EXERCISE
Nothing but an exact copy is asked for: the lines in the material below from the one with "sypialnia z łóżkiem" through the one with "The finished triangle: the", pictures excluded.

** MATERIAL FOR THIS TASK follows **

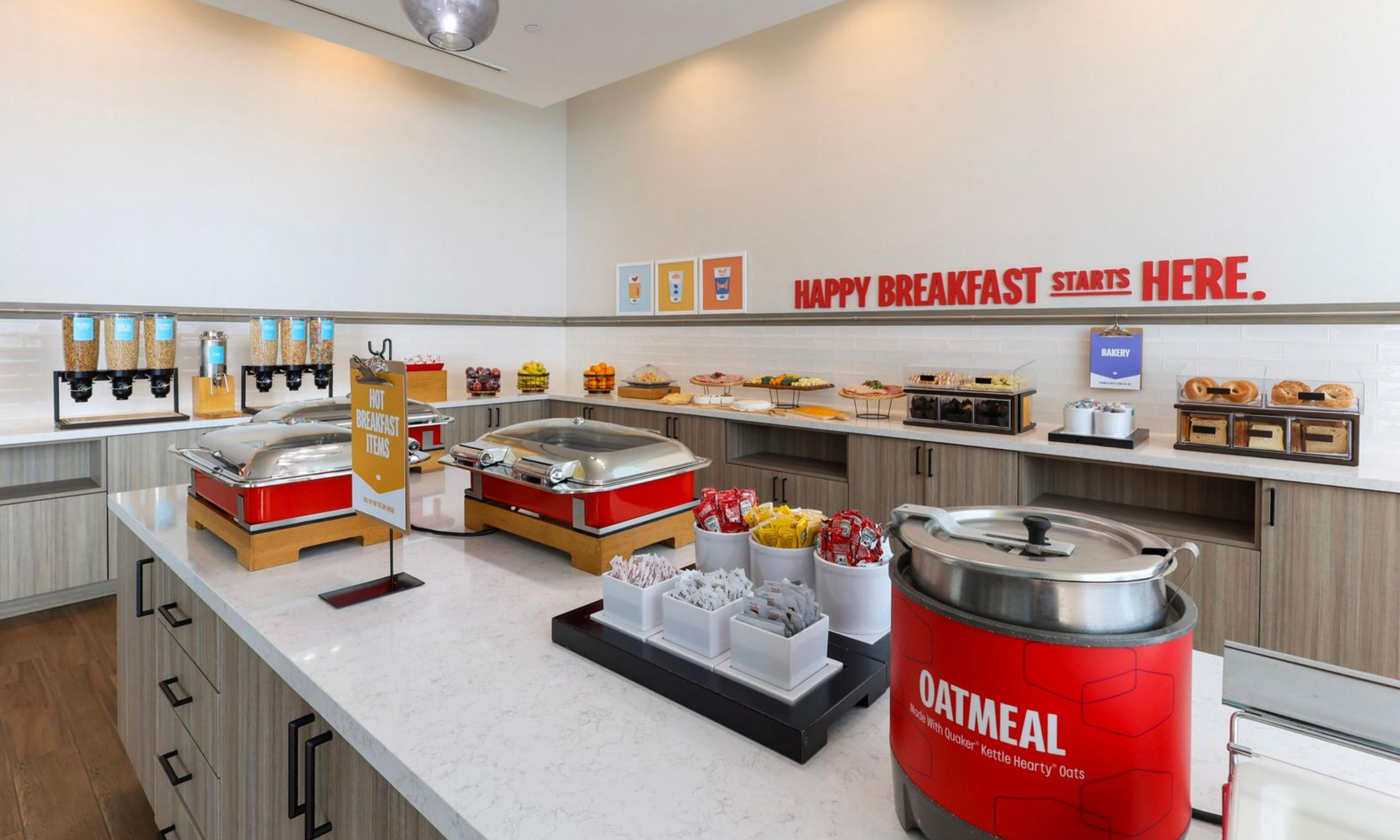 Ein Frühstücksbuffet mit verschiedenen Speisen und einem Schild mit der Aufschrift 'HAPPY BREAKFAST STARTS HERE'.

** End of MATERIAL FOR THIS TASK **
** MATERIAL FOR THIS TASK follows **

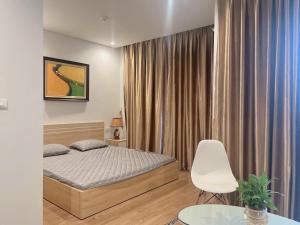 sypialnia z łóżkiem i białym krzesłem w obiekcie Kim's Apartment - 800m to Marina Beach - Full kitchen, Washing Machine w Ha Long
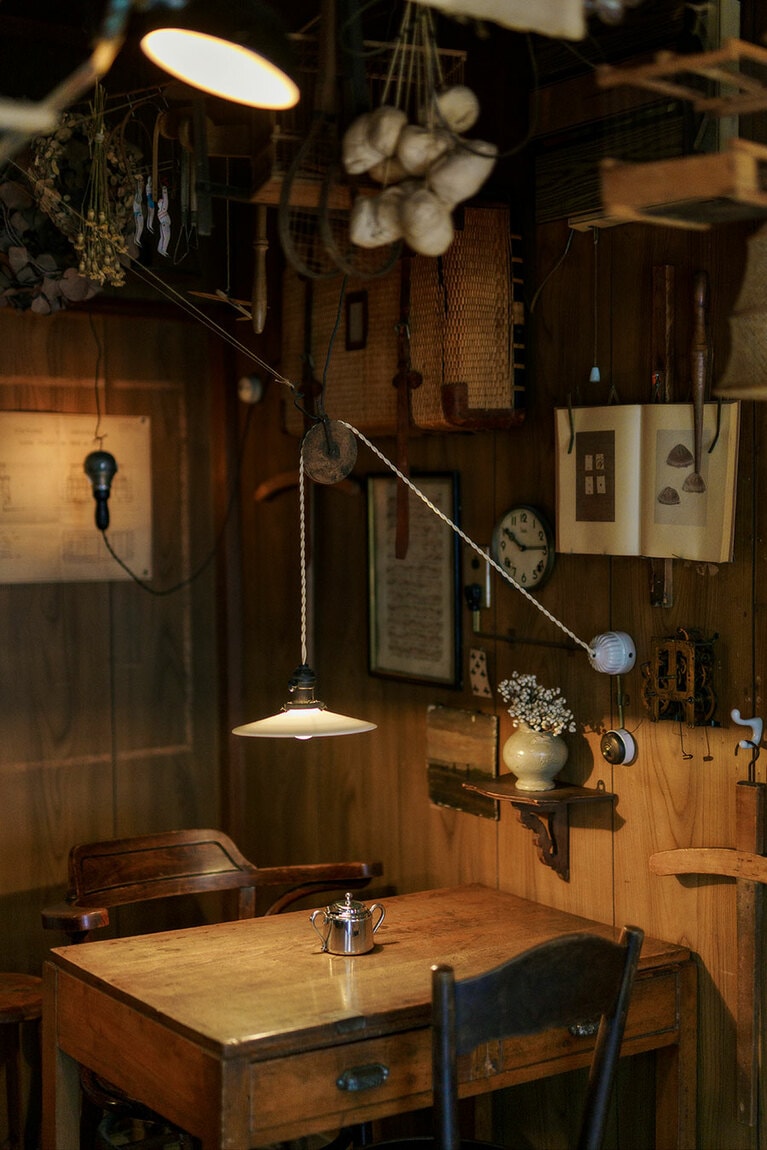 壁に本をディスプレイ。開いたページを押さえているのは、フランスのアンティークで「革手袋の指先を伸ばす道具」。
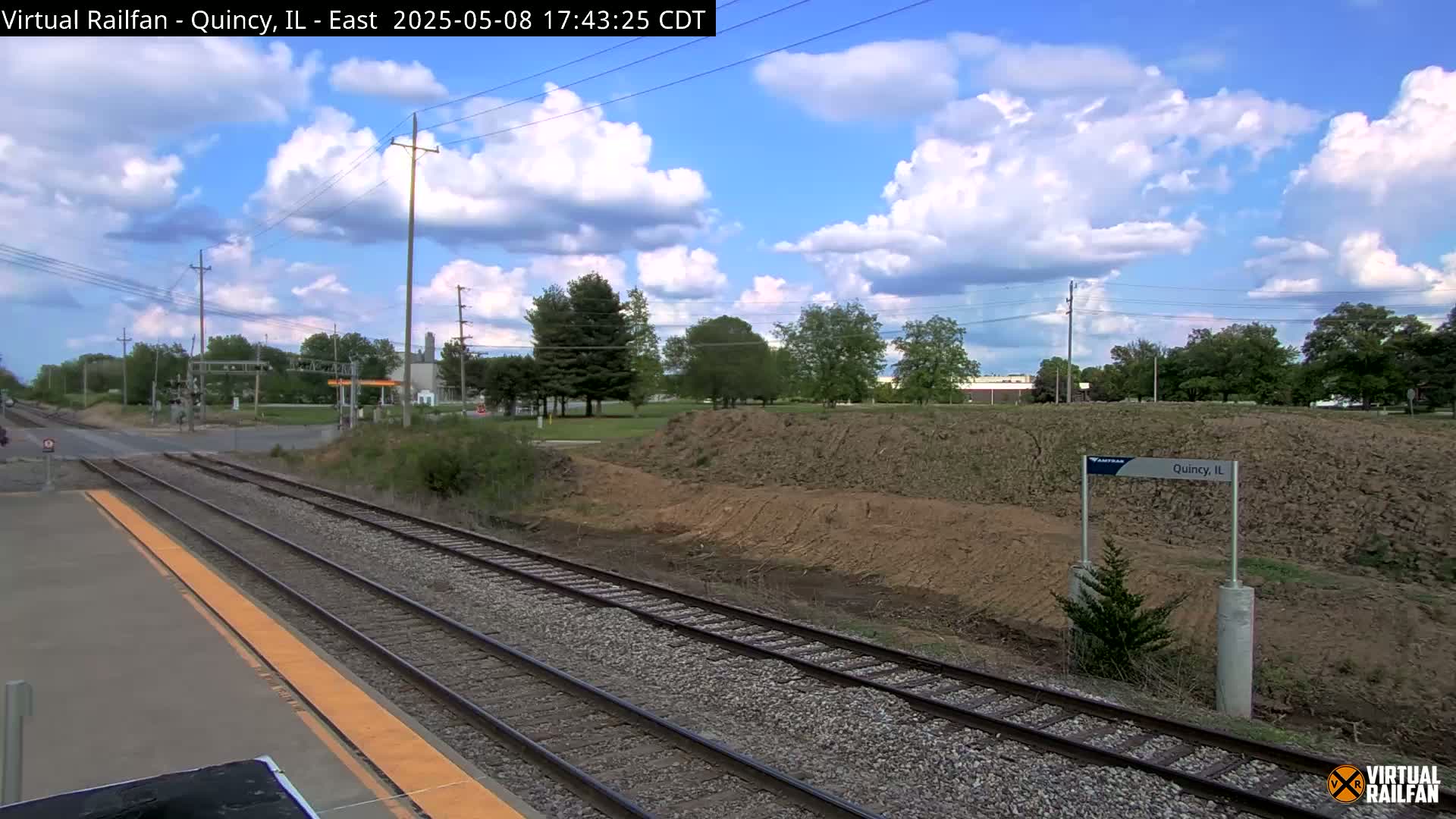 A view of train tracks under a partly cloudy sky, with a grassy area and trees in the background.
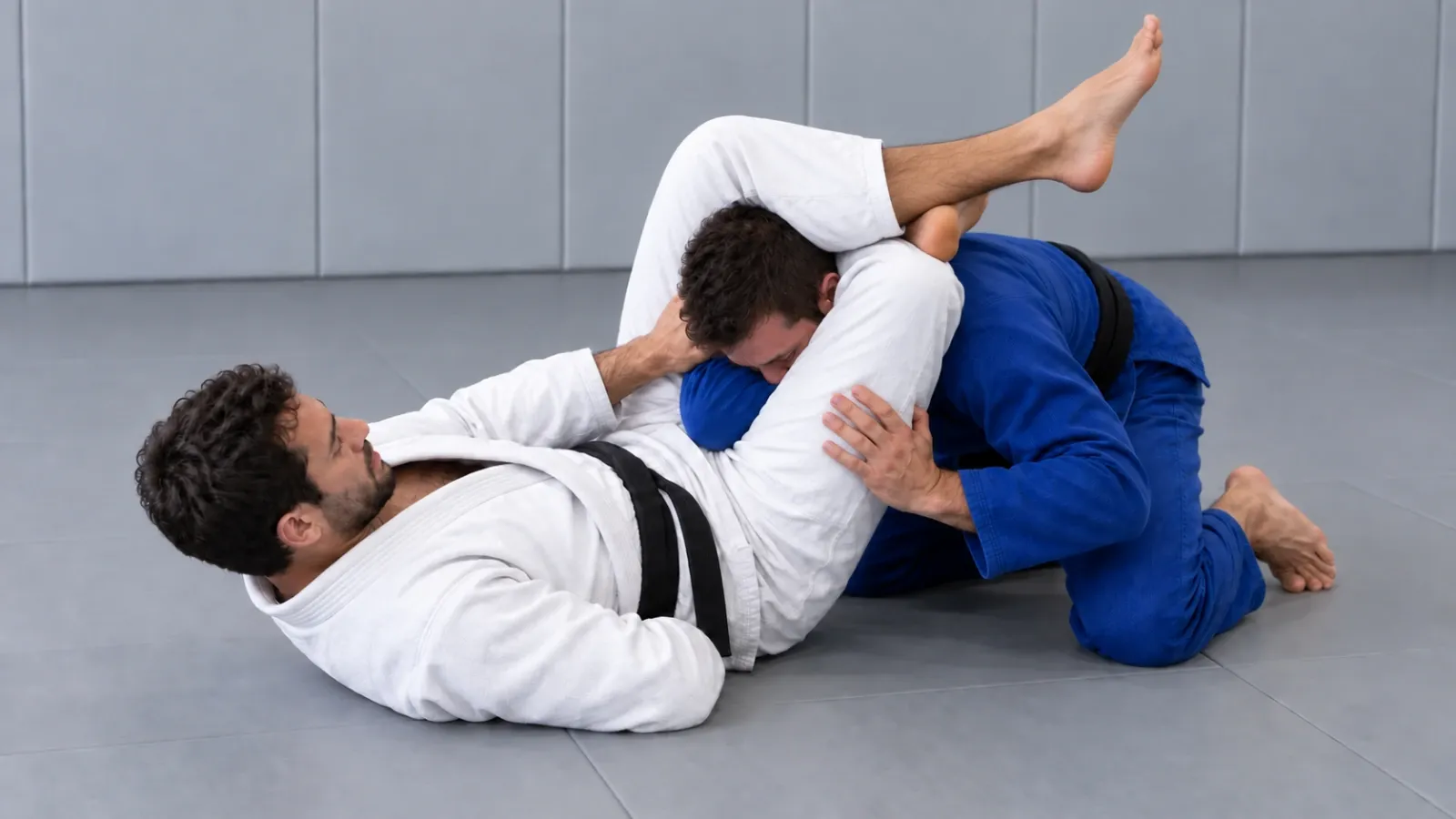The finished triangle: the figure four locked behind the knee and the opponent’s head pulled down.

** End of MATERIAL FOR THIS TASK **

RESPONSE FOR THIS EXERCISE
 sypialnia z łóżkiem i białym krzesłem w obiekcie Kim's Apartment - 800m to Marina Beach - Full kitchen, Washing Machine w Ha Long
 壁に本をディスプレイ。開いたページを押さえているのは、フランスのアンティークで「革手袋の指先を伸ばす道具」。
 A view of train tracks under a partly cloudy sky, with a grassy area and trees in the background.
The finished triangle: the figure four locked behind the knee and the opponent’s head pulled down.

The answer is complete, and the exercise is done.